Author: Jonathan Gould
Book title: Magnus Opum
Magnus Opum is a delightful read in Jonathan Gould’s unique style, a book that shows this writers extraordinary talent in even greater depths than his other works Flidderbugs or Doodling. Imagine a mix of Tolkien and Dr Seuss and you have Magnus Opum, a humorous epic fantasy that highlights the absurdity of cultural assumptions. Perfect for all ages, I urge everyone to read it.
Populated with bizarre animals like the borse, who has two legs shorter than the others, making them perfect for hilly terrain but highly unstable on the flat, and the Blerchherch, “a ravenous giant with a hunger of the flesh of all other creatures”, who lives in the dingy dungy Drunglegum valley, the books names alone provide plenty of giggles. I had fun trying to say words like Pharsheesh, Pergle-brots, Parghwum, and the rather tricky Hargh Gryghrgr out loud.
Magnus Mandalora never thought he would leave the safe confines of the small homely village of Lower Kertoob. He certainly never expected to end up in the middle of a long-running war between the saintly Cherines and the beastly Glurgs. But when circumstance place him in such a dubious position, he finds himself on a rollicking adventure where nothing is quite as it seems.

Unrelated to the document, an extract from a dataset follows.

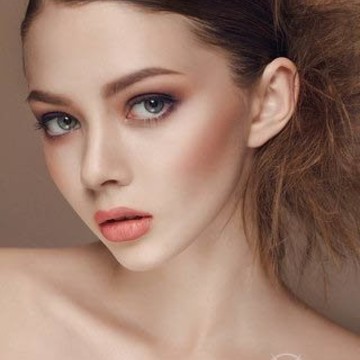 Салон красоты pm Beauty Studio фото 3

Magnus is a little Kertoob in a big world and with more courage than he knows. His main companion Shaindor is a beautiful Cherine, but he also befriends Klugrok one of the race of ugly Glurgs. These two races are mortal enemies, and as Magnus discovers, the only reason behind their conflict is cultural differences and misunderstanding. To the Cherines, anything ugly must be evil, and to the Glurgs anything that prides itself on its beauty is evil. And indeed, we do see the ugly side of the beautiful Cherine race. So, in true Dr Seuss style, there is an important message for adults and children alike.
I put this book squarely in the zany-and-out-of-the-box category (except that Jonathon has made his own box), and because it’s 2012 and the author isn’t waiting for traditional publishers to go through the incredibly time consuming process of making up their minds, we can buy it for next to nothing for our electronic readers. I give it 5 stars and urge you to buy it immediately.
Only in an Indie published book will you find something so highly creative and different. Long live Indie publishing. May it take its rightful place as a respected part of the publishing industry. This is where you’ll find alternative reading fare, the artistic ground breakers and even new subgenres.